Page:Geographic Areas Reference Manual (GARM).pdf/256

From Wikisource
Jump to navigation Jump to search
This page has been proofread, but needs to be validated.
Census Tracts/BNAs and Governmental Unit Boundaries

The Census Bureau discourages the use of governmental unit boundaries as census tract/BNA boundaries because of the need to freeze the census tract/BNA boundaries at the time of census block numbering, which occurs several years before a decennial census. Once the census tract/BNA boundaries are frozen, any changes to the governmental unit boundaries, whether as a result of annexations, detachments, or mapping corrections, result in the census tract/BNA boundaries continuing to follow the former (incorrect) location of the governmental unit boundary.

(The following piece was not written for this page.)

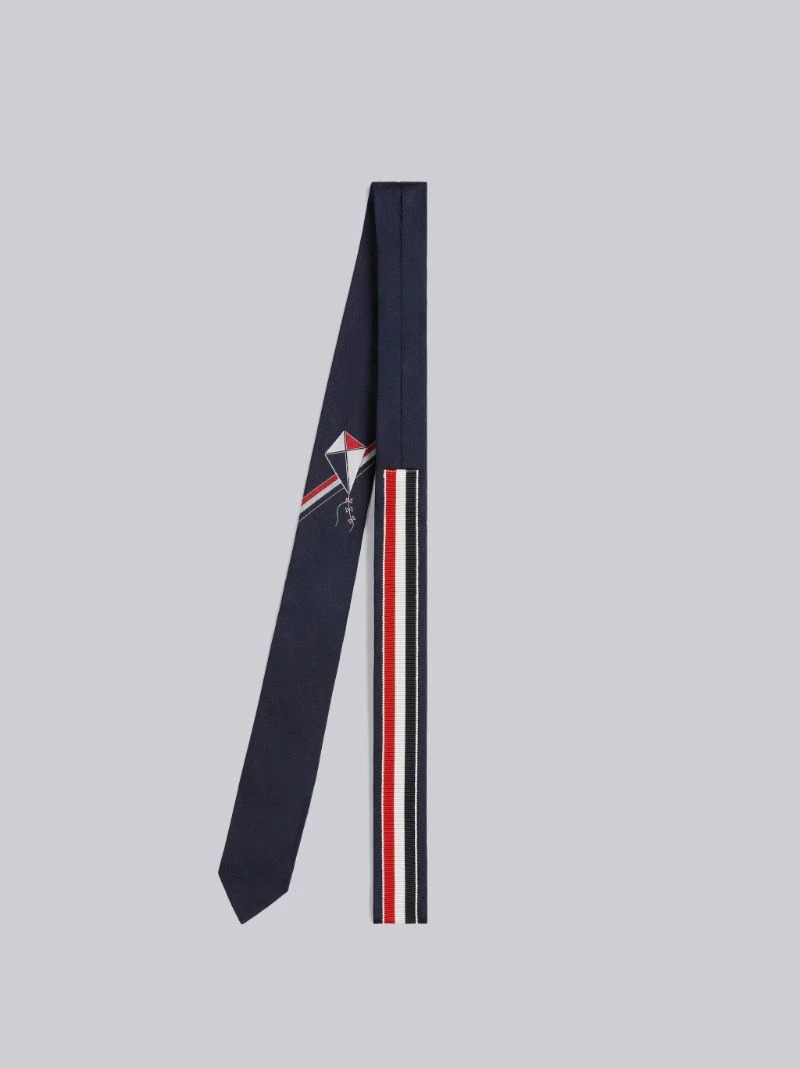 NAVY SILK JACQUARD STRIPE KITE ICON TIE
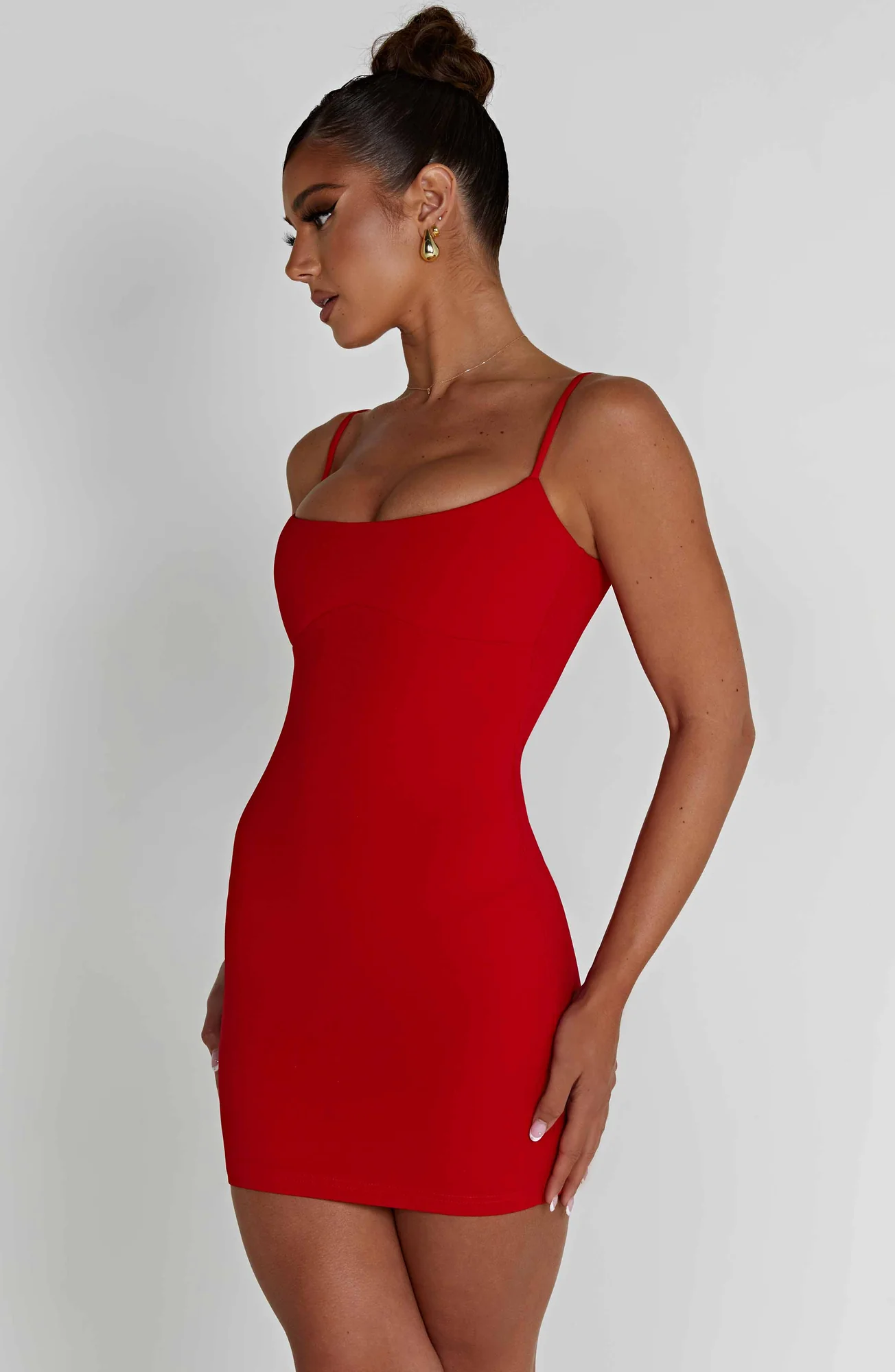 Red Stretch Crepe Mini Bodycon Dress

The result can be the loss of the intended nesting relationship between census tracts/BNAs and the governmental unit.

County Boundary Updates

Holding the boundaries of counties (or statistically equivalent entities) as census tract/BNA boundaries is a fundamental requirement of the census tract/BNA programs. Census tracts and BNAs are subdivisions of counties, and they nest within counties. Because the Census Bureau needed to have the census tracts/BNAs delineated before numbering the 1990 census blocks, it had to approve the census tract/BNA plans several years beforehand. Knowing that it would be necessary to update some county or State boundaries after the establishment of census tracts/BNAs and the assignment of 1990 census block numbers (but before data tabulation), the Census Bureau designed a method to accommodate the latest (January 1, 1990) State and county boundary changes. Changes in the 1990 census tract/BNA boundaries ordinarily would require renumbering some census blocks, yet the Census Bureau had to design a method of updating State or county boundaries without changing any census block numbers. As a result, the Census Bureau recognized as census tract/BNA boundaries both the superseded and the corrected State or county boundaries. The result was the formation of (usually) small census tracts/BNAs, often containing little or no population or housing units, that represented the territory affected by the State or county boundary update (see Figure 10-4).